**Activity:**
Skip the pictures. Transcribe the rest of the data below without changing a word.

**Available data:**
┌────────

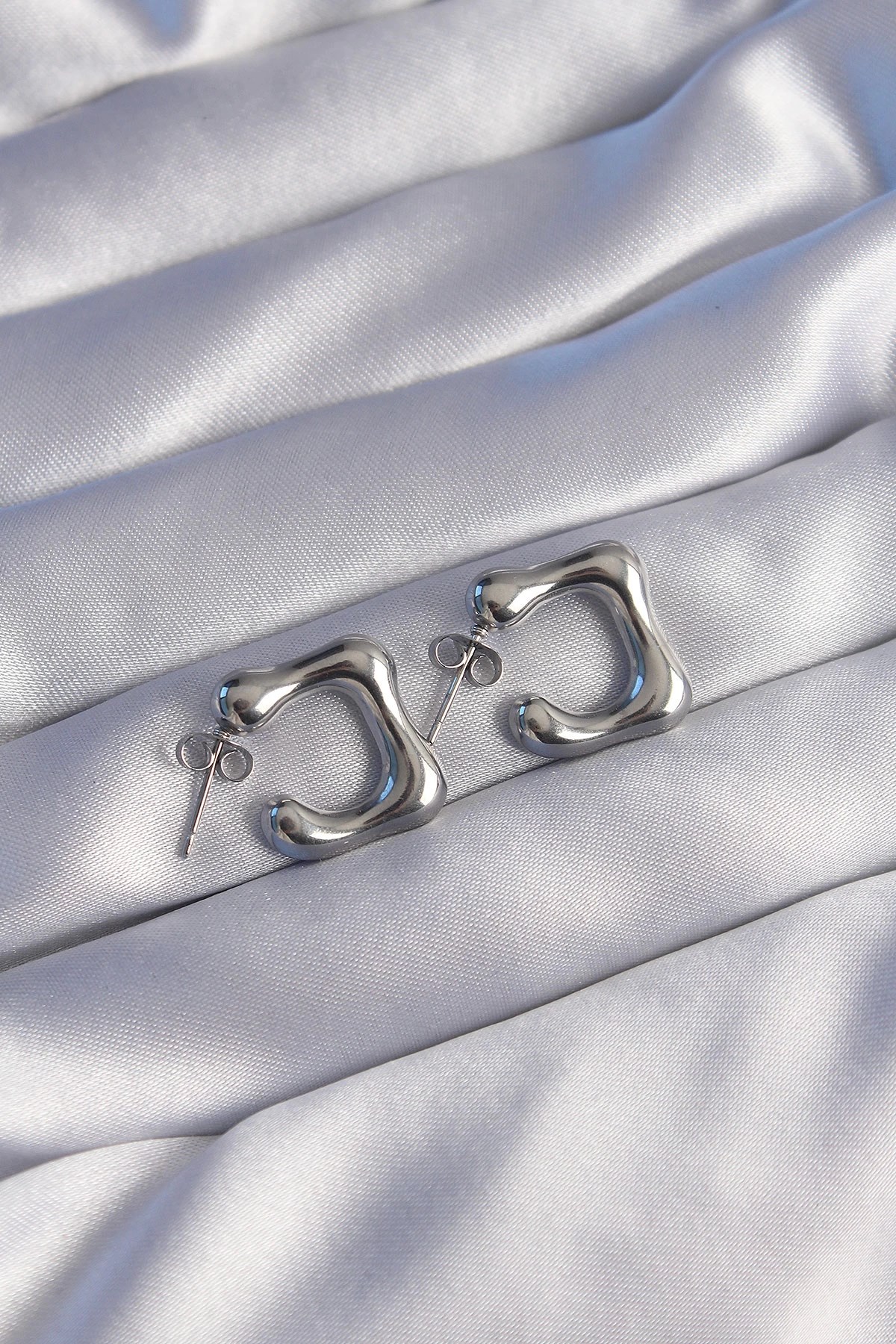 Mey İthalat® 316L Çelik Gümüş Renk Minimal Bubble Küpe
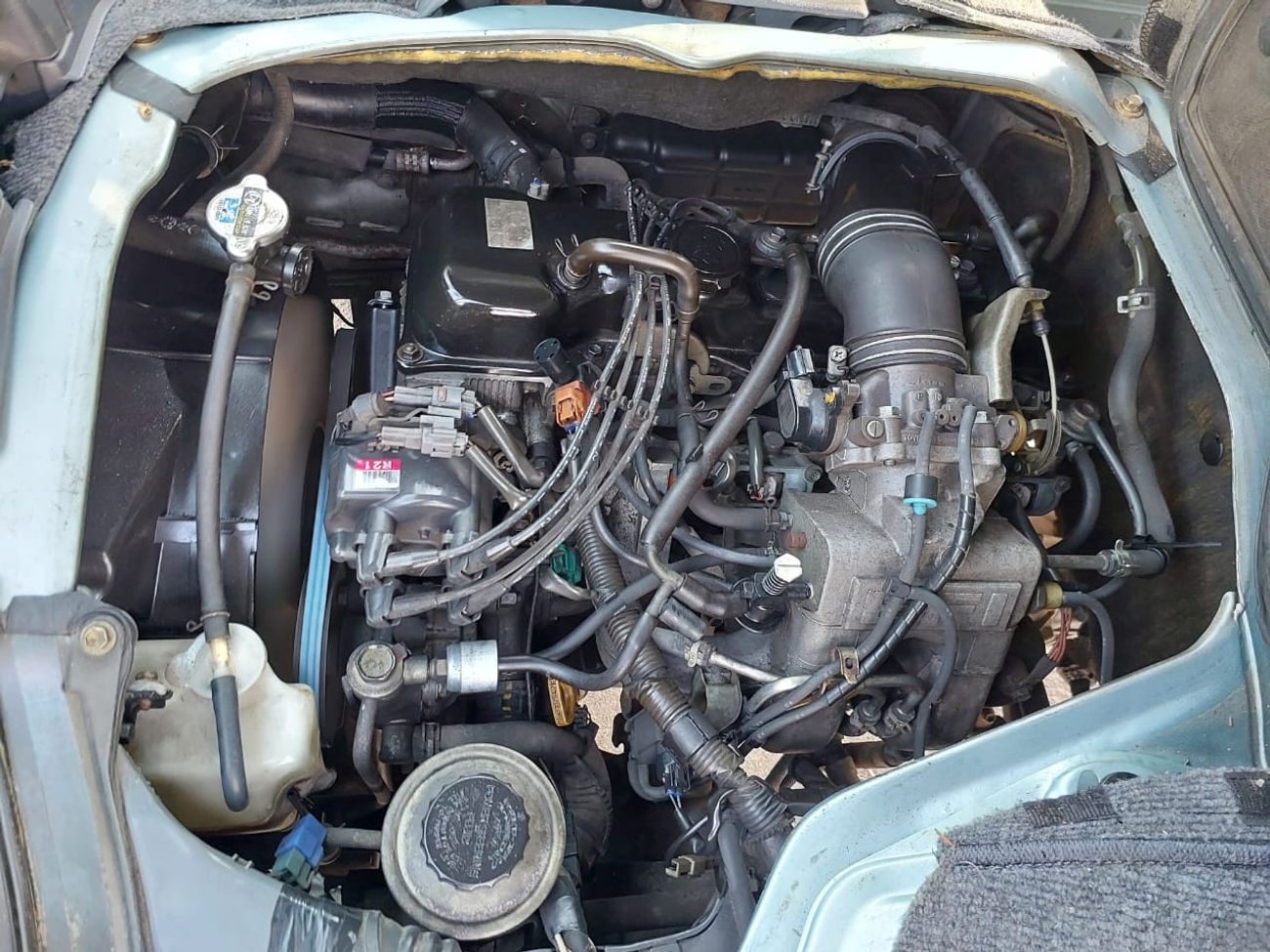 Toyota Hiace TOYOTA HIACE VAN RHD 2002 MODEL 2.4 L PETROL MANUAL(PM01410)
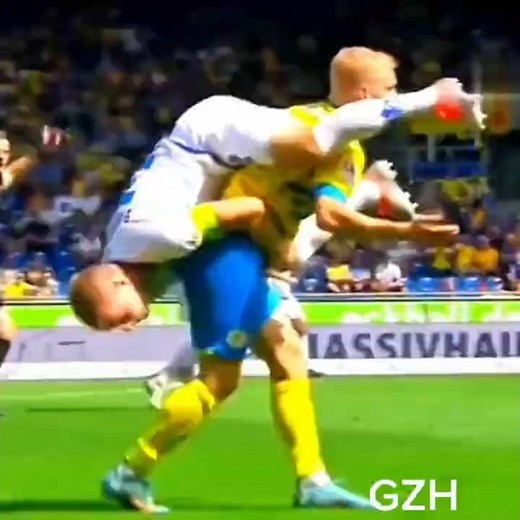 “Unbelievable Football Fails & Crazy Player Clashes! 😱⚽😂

└────────

**Answer box:**
 Mey İthalat® 316L Çelik Gümüş Renk Minimal Bubble Küpe
 Toyota Hiace TOYOTA HIACE VAN RHD 2002 MODEL 2.4 L PETROL MANUAL(PM01410)
 “Unbelievable Football Fails & Crazy Player Clashes! 😱⚽😂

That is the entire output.